RECORDS FOR THIS TASK -
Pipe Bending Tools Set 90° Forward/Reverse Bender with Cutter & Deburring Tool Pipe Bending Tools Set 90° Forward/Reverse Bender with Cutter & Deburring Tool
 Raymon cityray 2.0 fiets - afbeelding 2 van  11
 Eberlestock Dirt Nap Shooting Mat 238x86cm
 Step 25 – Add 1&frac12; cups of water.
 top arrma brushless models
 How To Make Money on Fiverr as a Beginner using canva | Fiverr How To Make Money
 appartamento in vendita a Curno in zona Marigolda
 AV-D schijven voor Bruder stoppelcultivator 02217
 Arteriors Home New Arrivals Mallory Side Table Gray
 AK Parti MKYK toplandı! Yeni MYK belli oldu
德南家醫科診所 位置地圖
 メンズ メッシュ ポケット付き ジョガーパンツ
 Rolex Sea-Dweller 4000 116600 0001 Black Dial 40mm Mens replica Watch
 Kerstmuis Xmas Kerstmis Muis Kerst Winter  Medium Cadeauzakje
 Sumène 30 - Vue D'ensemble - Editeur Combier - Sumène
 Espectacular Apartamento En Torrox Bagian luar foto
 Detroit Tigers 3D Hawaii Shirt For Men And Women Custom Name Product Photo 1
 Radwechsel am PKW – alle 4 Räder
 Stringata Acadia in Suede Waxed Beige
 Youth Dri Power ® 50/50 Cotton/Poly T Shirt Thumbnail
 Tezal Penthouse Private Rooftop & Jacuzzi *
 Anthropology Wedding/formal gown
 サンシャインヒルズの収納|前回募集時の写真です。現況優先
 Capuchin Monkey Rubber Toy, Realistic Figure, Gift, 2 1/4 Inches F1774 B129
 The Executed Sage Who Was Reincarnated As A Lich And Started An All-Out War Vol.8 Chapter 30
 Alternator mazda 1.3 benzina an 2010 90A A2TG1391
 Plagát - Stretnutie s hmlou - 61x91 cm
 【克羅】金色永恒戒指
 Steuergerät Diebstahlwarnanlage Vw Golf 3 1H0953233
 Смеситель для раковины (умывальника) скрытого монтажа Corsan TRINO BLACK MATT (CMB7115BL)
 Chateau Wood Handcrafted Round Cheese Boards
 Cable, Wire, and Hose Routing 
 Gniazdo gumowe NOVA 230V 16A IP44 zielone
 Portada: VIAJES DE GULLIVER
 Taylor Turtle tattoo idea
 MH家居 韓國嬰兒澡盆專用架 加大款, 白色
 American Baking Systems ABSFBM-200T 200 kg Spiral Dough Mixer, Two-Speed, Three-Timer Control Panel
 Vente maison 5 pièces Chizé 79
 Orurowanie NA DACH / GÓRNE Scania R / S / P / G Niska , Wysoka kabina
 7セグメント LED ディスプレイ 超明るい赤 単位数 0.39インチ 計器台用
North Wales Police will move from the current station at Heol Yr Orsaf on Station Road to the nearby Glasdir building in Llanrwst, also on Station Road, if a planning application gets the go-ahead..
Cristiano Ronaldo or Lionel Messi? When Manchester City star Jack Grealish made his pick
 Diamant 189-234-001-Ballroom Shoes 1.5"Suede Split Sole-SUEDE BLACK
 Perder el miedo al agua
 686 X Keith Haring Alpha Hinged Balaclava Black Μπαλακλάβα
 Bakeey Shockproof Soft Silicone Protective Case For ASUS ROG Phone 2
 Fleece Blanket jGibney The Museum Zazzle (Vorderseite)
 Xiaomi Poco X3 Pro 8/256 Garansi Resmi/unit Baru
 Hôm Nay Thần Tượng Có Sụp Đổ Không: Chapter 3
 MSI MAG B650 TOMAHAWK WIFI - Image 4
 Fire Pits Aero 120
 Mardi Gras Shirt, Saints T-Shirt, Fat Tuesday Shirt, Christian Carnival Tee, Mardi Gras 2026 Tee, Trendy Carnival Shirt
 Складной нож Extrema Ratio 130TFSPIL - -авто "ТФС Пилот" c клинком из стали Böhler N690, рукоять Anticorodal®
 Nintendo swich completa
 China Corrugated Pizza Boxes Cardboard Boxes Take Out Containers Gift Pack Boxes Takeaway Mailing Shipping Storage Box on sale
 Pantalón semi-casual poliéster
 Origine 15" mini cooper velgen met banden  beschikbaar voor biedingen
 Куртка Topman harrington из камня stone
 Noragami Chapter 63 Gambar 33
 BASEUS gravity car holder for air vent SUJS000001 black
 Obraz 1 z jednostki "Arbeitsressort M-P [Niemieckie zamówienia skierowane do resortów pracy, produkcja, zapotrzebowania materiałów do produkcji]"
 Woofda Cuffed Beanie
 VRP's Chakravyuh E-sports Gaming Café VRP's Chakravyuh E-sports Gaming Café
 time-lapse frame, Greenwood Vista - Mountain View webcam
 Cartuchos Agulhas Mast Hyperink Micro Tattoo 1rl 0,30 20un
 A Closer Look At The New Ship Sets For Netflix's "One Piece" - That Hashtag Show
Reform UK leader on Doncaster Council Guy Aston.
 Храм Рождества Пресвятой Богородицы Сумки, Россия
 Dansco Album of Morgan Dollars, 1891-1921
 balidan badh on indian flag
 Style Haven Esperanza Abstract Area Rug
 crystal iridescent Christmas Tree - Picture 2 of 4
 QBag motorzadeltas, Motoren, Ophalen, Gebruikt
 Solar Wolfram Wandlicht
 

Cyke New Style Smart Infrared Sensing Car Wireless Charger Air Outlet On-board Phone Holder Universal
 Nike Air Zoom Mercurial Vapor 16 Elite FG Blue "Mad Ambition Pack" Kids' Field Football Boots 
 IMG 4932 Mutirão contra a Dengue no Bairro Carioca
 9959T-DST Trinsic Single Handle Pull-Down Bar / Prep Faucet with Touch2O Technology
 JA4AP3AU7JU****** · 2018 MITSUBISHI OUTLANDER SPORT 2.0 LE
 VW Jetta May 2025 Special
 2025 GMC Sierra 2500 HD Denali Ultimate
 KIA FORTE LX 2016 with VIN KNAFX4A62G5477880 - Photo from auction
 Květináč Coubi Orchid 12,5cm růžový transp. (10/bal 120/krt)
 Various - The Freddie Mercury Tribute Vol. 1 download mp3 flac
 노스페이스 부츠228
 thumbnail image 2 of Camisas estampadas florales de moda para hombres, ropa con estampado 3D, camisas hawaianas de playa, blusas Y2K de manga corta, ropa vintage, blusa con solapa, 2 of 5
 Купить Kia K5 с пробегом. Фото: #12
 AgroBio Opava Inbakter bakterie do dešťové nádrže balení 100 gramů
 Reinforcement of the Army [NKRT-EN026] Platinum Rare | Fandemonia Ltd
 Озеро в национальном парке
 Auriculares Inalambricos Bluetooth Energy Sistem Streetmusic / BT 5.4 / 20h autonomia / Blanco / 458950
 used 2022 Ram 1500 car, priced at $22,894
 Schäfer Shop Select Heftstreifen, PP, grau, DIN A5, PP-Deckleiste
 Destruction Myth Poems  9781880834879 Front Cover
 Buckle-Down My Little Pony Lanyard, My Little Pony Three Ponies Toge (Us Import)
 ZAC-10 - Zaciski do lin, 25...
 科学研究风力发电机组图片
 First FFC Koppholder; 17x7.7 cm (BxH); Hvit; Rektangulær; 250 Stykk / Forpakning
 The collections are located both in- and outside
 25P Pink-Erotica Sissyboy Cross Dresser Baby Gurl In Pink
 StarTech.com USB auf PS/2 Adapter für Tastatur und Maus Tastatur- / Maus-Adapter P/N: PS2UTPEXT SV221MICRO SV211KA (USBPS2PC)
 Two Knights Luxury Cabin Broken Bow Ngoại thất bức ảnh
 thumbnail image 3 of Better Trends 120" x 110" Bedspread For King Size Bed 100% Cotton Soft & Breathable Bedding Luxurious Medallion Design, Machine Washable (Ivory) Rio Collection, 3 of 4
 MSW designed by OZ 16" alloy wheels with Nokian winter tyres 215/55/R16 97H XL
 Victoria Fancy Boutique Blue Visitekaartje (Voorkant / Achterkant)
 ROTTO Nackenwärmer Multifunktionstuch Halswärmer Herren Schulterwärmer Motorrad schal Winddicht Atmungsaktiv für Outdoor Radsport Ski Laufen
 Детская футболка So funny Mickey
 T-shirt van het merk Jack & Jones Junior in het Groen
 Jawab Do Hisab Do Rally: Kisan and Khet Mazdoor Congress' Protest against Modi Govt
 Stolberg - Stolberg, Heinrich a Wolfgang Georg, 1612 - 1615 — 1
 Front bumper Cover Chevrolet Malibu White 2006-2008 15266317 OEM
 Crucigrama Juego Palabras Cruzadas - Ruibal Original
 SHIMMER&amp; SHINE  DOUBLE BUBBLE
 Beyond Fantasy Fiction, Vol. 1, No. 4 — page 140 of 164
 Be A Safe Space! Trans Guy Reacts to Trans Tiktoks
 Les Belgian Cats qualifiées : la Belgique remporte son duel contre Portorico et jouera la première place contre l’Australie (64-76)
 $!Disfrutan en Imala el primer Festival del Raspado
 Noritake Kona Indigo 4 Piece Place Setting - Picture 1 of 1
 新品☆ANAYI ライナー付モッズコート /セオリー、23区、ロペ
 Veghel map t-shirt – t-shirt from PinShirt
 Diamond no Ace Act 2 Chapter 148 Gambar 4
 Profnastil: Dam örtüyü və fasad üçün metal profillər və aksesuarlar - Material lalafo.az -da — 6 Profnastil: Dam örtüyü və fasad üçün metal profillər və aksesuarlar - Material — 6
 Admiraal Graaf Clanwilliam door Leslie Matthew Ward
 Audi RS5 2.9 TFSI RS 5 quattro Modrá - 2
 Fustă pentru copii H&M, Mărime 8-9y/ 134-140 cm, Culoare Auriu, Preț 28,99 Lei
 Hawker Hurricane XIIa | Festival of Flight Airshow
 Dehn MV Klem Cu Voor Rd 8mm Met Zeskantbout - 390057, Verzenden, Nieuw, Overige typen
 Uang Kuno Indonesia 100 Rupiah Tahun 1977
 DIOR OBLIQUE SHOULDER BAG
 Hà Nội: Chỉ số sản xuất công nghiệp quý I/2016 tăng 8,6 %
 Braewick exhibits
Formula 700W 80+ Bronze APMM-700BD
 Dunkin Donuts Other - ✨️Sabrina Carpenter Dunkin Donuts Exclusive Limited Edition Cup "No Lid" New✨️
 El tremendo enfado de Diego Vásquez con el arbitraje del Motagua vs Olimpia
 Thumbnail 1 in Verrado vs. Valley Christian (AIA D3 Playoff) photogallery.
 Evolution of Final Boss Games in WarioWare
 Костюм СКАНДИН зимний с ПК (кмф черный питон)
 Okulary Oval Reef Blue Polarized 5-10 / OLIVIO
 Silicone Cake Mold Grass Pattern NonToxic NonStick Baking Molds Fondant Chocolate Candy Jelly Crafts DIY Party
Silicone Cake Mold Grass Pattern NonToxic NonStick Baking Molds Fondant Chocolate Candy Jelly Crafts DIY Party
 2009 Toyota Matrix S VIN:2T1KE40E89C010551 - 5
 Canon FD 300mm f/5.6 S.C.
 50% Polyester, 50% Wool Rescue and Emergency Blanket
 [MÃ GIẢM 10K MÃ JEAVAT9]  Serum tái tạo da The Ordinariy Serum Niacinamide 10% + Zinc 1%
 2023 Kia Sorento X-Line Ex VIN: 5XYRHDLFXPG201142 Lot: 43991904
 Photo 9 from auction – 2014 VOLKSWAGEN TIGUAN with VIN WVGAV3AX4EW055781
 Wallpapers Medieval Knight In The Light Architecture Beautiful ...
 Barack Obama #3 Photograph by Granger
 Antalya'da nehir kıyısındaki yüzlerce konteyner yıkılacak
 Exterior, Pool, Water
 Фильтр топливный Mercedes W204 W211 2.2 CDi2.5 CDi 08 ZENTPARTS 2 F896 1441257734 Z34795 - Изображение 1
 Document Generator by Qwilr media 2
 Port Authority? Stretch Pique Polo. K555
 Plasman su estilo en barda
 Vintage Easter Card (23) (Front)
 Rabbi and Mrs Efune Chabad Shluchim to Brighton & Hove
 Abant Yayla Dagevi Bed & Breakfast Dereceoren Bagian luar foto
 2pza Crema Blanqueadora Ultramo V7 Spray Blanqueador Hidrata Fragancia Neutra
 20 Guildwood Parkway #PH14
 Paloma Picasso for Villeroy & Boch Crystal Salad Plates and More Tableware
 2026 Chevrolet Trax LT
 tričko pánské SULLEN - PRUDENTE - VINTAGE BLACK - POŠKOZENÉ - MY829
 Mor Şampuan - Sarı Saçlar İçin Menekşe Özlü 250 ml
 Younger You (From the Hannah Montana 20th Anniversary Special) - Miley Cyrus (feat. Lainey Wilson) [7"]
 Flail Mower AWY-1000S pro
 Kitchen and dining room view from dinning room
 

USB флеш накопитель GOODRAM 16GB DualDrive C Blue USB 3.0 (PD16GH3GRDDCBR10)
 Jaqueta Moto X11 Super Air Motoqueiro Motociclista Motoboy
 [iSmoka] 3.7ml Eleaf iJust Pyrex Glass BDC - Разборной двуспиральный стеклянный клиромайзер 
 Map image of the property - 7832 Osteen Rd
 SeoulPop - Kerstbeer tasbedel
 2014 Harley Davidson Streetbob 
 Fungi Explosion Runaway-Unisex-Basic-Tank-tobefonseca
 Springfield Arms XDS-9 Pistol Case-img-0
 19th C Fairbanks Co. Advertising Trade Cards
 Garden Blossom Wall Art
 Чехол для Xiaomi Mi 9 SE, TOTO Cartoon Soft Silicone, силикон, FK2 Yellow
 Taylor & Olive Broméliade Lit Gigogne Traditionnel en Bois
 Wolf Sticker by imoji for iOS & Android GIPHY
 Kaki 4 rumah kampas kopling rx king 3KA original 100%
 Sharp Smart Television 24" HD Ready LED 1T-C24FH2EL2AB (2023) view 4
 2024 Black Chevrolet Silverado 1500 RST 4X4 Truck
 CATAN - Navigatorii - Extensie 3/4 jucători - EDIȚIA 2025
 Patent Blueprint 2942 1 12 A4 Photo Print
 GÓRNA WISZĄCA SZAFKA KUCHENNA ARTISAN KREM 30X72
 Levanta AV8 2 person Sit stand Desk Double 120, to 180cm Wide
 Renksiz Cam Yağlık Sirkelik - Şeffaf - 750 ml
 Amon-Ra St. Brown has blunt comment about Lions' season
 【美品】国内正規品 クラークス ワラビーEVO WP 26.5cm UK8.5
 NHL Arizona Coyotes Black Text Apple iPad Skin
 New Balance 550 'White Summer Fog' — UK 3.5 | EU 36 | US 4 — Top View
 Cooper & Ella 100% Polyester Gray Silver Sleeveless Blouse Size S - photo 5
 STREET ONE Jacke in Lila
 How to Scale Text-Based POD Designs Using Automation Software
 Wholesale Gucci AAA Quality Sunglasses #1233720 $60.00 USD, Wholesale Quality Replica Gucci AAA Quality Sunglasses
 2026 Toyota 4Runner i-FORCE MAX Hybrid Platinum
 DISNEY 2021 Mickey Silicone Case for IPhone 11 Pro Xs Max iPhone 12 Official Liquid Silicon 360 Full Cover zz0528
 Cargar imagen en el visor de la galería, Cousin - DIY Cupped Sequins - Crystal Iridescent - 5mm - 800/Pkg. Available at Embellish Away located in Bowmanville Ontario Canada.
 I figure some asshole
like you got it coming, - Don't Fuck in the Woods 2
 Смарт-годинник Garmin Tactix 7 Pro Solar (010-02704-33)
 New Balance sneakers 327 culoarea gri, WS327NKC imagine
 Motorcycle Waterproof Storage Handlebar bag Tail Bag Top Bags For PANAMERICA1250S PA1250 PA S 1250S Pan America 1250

REQUIREMENT - Beginning at the line with "Veghel map t-shirt – t-shirt from PinShirt" and ending at the line with "El tremendo enfado", reproduce each line of the data above exactly, and add no other lines.

RESPONSE BELOW -
 Veghel map t-shirt – t-shirt from PinShirt
 Diamond no Ace Act 2 Chapter 148 Gambar 4
 Profnastil: Dam örtüyü və fasad üçün metal profillər və aksesuarlar - Material lalafo.az -da — 6 Profnastil: Dam örtüyü və fasad üçün metal profillər və aksesuarlar - Material — 6
 Admiraal Graaf Clanwilliam door Leslie Matthew Ward
 Audi RS5 2.9 TFSI RS 5 quattro Modrá - 2
 Fustă pentru copii H&M, Mărime 8-9y/ 134-140 cm, Culoare Auriu, Preț 28,99 Lei
 Hawker Hurricane XIIa | Festival of Flight Airshow
 Dehn MV Klem Cu Voor Rd 8mm Met Zeskantbout - 390057, Verzenden, Nieuw, Overige typen
 Uang Kuno Indonesia 100 Rupiah Tahun 1977
 DIOR OBLIQUE SHOULDER BAG
 Hà Nội: Chỉ số sản xuất công nghiệp quý I/2016 tăng 8,6 %
 Braewick exhibits
Formula 700W 80+ Bronze APMM-700BD
 Dunkin Donuts Other - ✨️Sabrina Carpenter Dunkin Donuts Exclusive Limited Edition Cup "No Lid" New✨️
 El tremendo enfado de Diego Vásquez con el arbitraje del Motagua vs Olimpia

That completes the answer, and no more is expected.